REMEMBER what you’ve been asked to do.

That was the message issued by the Ukrainian Ministry of Foreign Affairs after Russia included the occupied ports of Mariupol and Berdiansk on its list of Russian ports foreign vessels can call at.

In one stroke of the legislative pen, the Kremlin has encompassed those two ports into its trading network, alongside other ports, namely Kerch, Sevastopol and Yalta, that were occupied in the 2014 annexation of Crimea.

Of course, this means nothing in truth. Nobody outside of Russia and its relatively few allies will recognise the order.

But what Moscow’s latest attempt to legitimise its illegal invasion has done is give Kyiv an opportunity to remind the international community of its responsibilities, especially at the International Maritime Organization.

Mariupol and Berdiansk have been officially closed as ports since the early days of the Russian invasion, and a resolution passed by the IMO in December 2023 calls on member states to “inform their vessels, shipowners, and ship operators and insurance brokers of the need to refrain from violating the regime of closed seaports in certain parts of territory of Ukraine, temporarily occupied by the Russian Federation, and to conduct investigations of alleged breaches of this regime”.

The IMO, of course, is a UN agency and has no enforcement power, not least over a member of the permanent member of the UN Security Council.

But member states can and do enforce sanctions on vessels that may now call at the closed ports and even deny them entry into their own ports.

As ever, wording at the IMO is crucial. “Calls upon” is pretty strong as the IMO goes, but it isn’t legally binding.

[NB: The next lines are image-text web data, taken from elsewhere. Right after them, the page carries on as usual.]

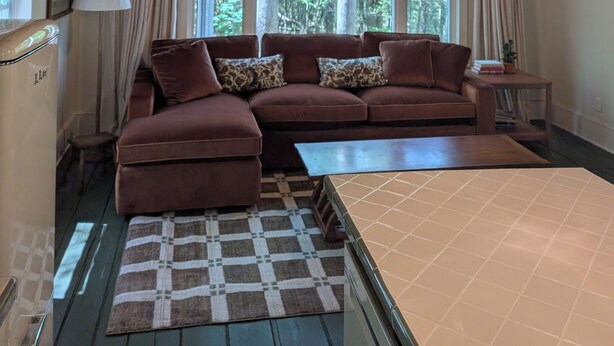 Ein gemütliches Zimmer mit Holzbalkendecke, großen Fenstern, einem braunen Sofa, einem gemusterten Teppich und einem Tisch.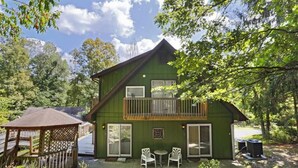 A green house with a balcony, a wooden gazebo, and two chairs outside. - Lil Black Bear Inn (Nashville)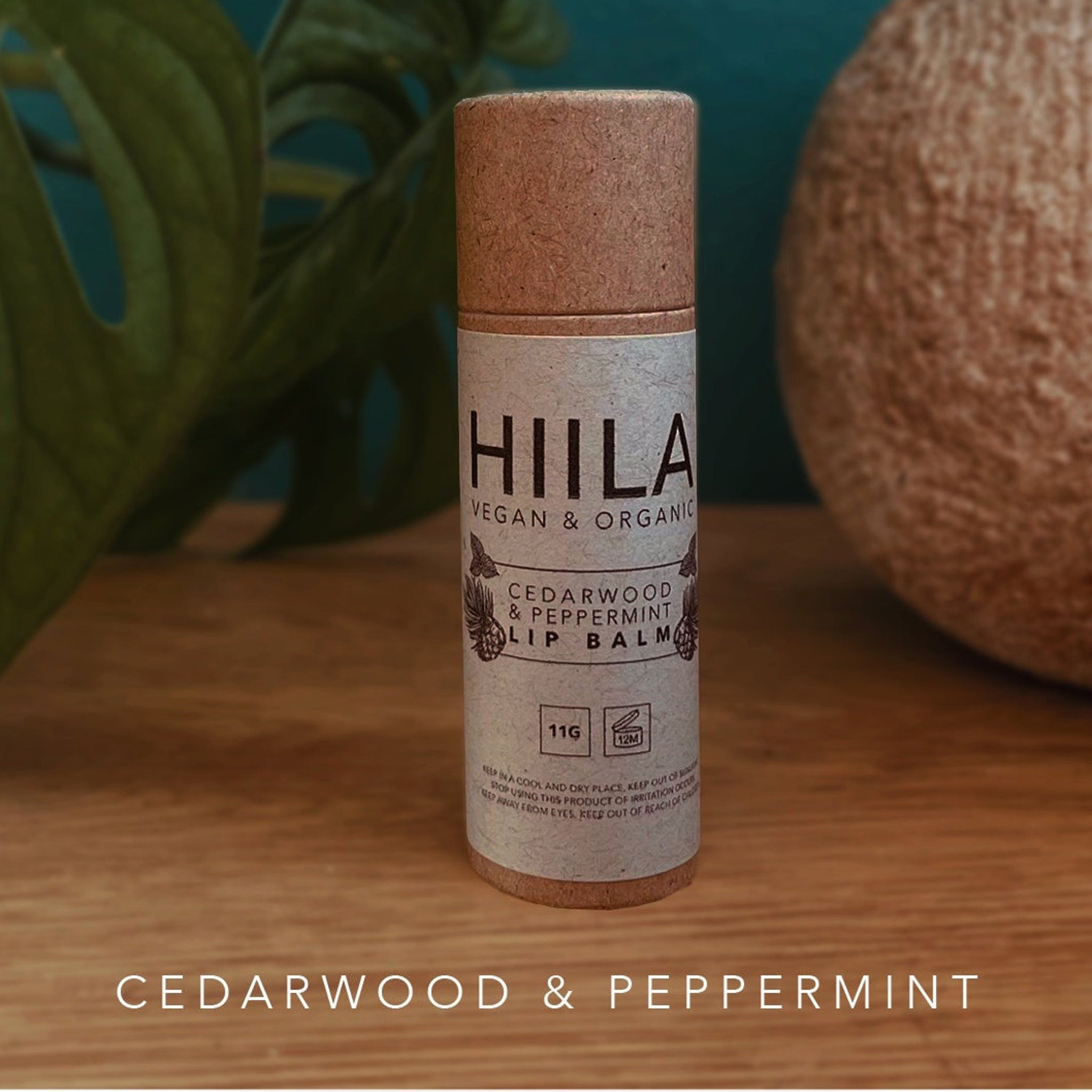 Lip balm tube with HIILA label, brown and beige, on wooden surface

Aside from being an insult from Moscow, Kyiv will surely fear that this fig leaf of legitimacy might make it harder for it to regain those ports if and when peace negotiations start.

Those two ports have been under Russian control for three and a half years now, and their Crimean counterparts for more than 10 years. Ukraine will want to keep the spotlight on them and reiterate their stolen status to the international shipping community.

But “please do what you’ve signed up to do” is a different sentence to “you must not do this”. The IMO can only really voice the former, and no matter how much noise it can generate, so can Kyiv.